• Personal Loans vs Credit Cards

    Capitalism would stagnate without credit. We are granted temporary access to other person’s money which can be used to finance your business and grow. The lender who offers the credit earns interest and the borrower gets leverage and helps in the growth of the economy. There are a lot of lenders in the market and a variety of credit is being offered. The most common form of credit is personal loan and credit cards.

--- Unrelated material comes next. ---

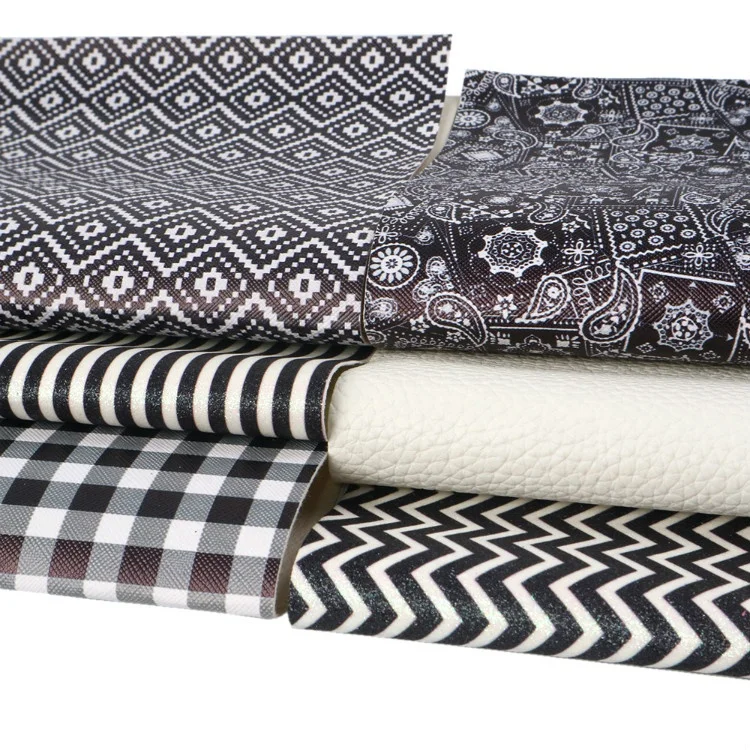 6 шт./компл. набор простыней из синтетической кожи с черно-белыми полосками и принтом в клетку 87532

    The main parameters that you must consider while choosing between credit card and personal loans are:

    • Interest rate:

      Most often people worry about the interest rate that they will be charged and based on that decide which type of credit they must take. But this is not the right parameter to choose which type of credit you want. As paying interest on personal loan is unavoidable but you can however avoid paying interest on your credit card if you clear out the balance for that particular month.

    • Security:

      Personal loans carry highest interest rates as they are unsecured and there is no need for you to offer any collateral. This is the main reason why the interest rates are so high, it is to cover the risk that the lender is taking.

      Credit Cards on the other hand are also unsecured. But the balance keeps carrying over and if you end up paying just the minimum amount due, you will forever be in debt and end up paying a lot towards the interest alone and it will negatively affect your credit score. Personal loan on the other hand has a fixed tenure in which you have to clear it off hence making it a better choice than the credit card.

    • Use of the credit:

      Credit cards can be used to pay off the monthly bills and make small purchases. Make sure that you repay them in that particular month so that you don’t end up paying interest on it. Take credit cards that offer you cash or travel rewards and make use of those rewards.

      Personal loan on the other hand is best suited for long term financing such as starting a business, consolidation your credit card or paying off other debts. This is a better option if you are in no place to pay off your balance in the month.

    • Repayments:

      Fixed repayments are set for personal loans hence making it easier to budget. If you take a credit card, there is no fixed repayment, all you have to do is clear out the minimum amount due. This might lead to the loan spilling over to the next month and you might never get to paying it off. But with the personal loan, you can be sure that the loan can be paid off in the tenure that has been agreed upon by you and the lender.

      Credit card is easy to avail and all lenders will willingly give you one. But you must use it smartly and make sure that you make repayments each month so that the credit doesn’t spill over to the next month acquiring more interest. Personal loan on the other hand is tenure bound and you will know that by a certain time you would’ve repaid the credit. You can take a personal loan if you require a huge amount of credit. The interest charged will be higher as it is an unsecured type of credit. Check your credit score before approaching the lender and bargain for a lower interest rate.